The ‘Warren Buffet’ Way of Investing

How Warren Buffett decides which Stocks or Companies to Buy? The Decision is based on the Answer to the following 11 Important Questions:

1. Is the business simple and understandable?

Warren Buffett will invest only in a business he can understand, this is one of the reasons why he avoided technology stocks even during the boom of the late 1990s. If you understand a business, you have a better insight of spotting opportunities and threats before they arise.

2. Does the company have a consistent operational history?

Buffet will invest in Businesses which are proven over the years. Although past performance is not a guarantee of future results, it does show whether a business can operate in a variety of business conditions and cycles.

3. Does the business have a favorable long-term prospects?

Warren Buffett believes in holding good companies for the long term and that means seeing a clear future and growth prospects. Companies that operate on trends, fashion and technology that will be out of date tomorrow don’t fit his model regardless of how profitable they were in the short run.

4. Is the management rational?

Buffett places a great deal of importance on management pedigree and one of the areas he focuses on is how excess cash is utilized. If the company can generate above average returns by reinvesting the cash in the business it should do so because this builds shareholder value. However, if not the management should return the cash to shareholders in the form of dividends. In other words, the decisions should be rational.

5. Is the management candid with shareholders?

Warren Buffet favours companies which are transparent and properly disclose the finance and accounts of the company, Buffett believes that many companies hide their numbers behind accounting conventions and don’t fully report to shareholders. He admires managers who admit their mistakes and take responsibility for the company.

6. What is return on equity?

Buffett focuses on return on equity rather than the more popular earnings metric in evaluating companies. His rationale is that earnings are fleeting and can be manipulated. Long term, return on equity will have a more profound effect on the company’s fortune than earnings.

7. What are the company’s “owner earnings?”

Buffett uses a rough calculation that replaces the traditional cash flow calculation to give him a clearer picture of company value. His calculation includes estimates of future capital expenditures, something missing in cash flow calculations.

8. What are the profit margins?

If a company can’t convert sales into profits, it has obviously failed. One of the ways this happens is to keep expenses to a minimum. Buffett avoids companies with bloated expenses because it reflects a lack of discipline even if the company is profitable – it would be more profitable if expenses were always controlled.

9. Has the company created at least one dollar of market value for every dollar retained?

Buffett notes that this is the test of correct capital allocation. Has the company correctly used capital to create market value (shareholder value) with cash it retained? If the company is holding on to cash, but not creating value for shareholders, what’s the point?

10. What is the value of the company?

Buffett says the value of a company is simply the total of the net cash flows (owner earnings) expected to occur over the life of the business, discounted by an appropriate interest rate.
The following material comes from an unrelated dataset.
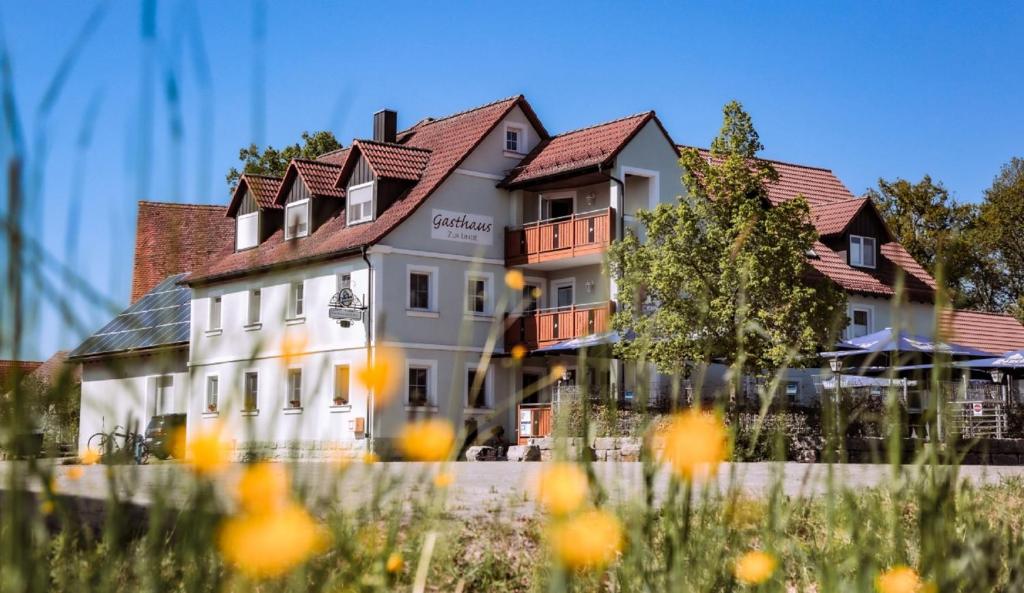 un grand bâtiment blanc avec un toit rouge dans l'établissement Gasthaus zur Linde, à Dombühl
This model differs from most you’ll find because it depends on being able to predict earnings for the life of a company. Buffett says if you pick company that has the attributes mentioned above, you can do this.

11. Can it be purchased at a significant discount to its value?

This is pure Buffett and where he gains his margin of safety. By buying at a discount, he knows that even if he is off somewhat of his evaluations, the discounted price will cover the difference. However, my guess is he doesn’t need that margin very often.

Source: “The Warren Buffett Way” by Robert Hagstrom. Published by Wiley Books.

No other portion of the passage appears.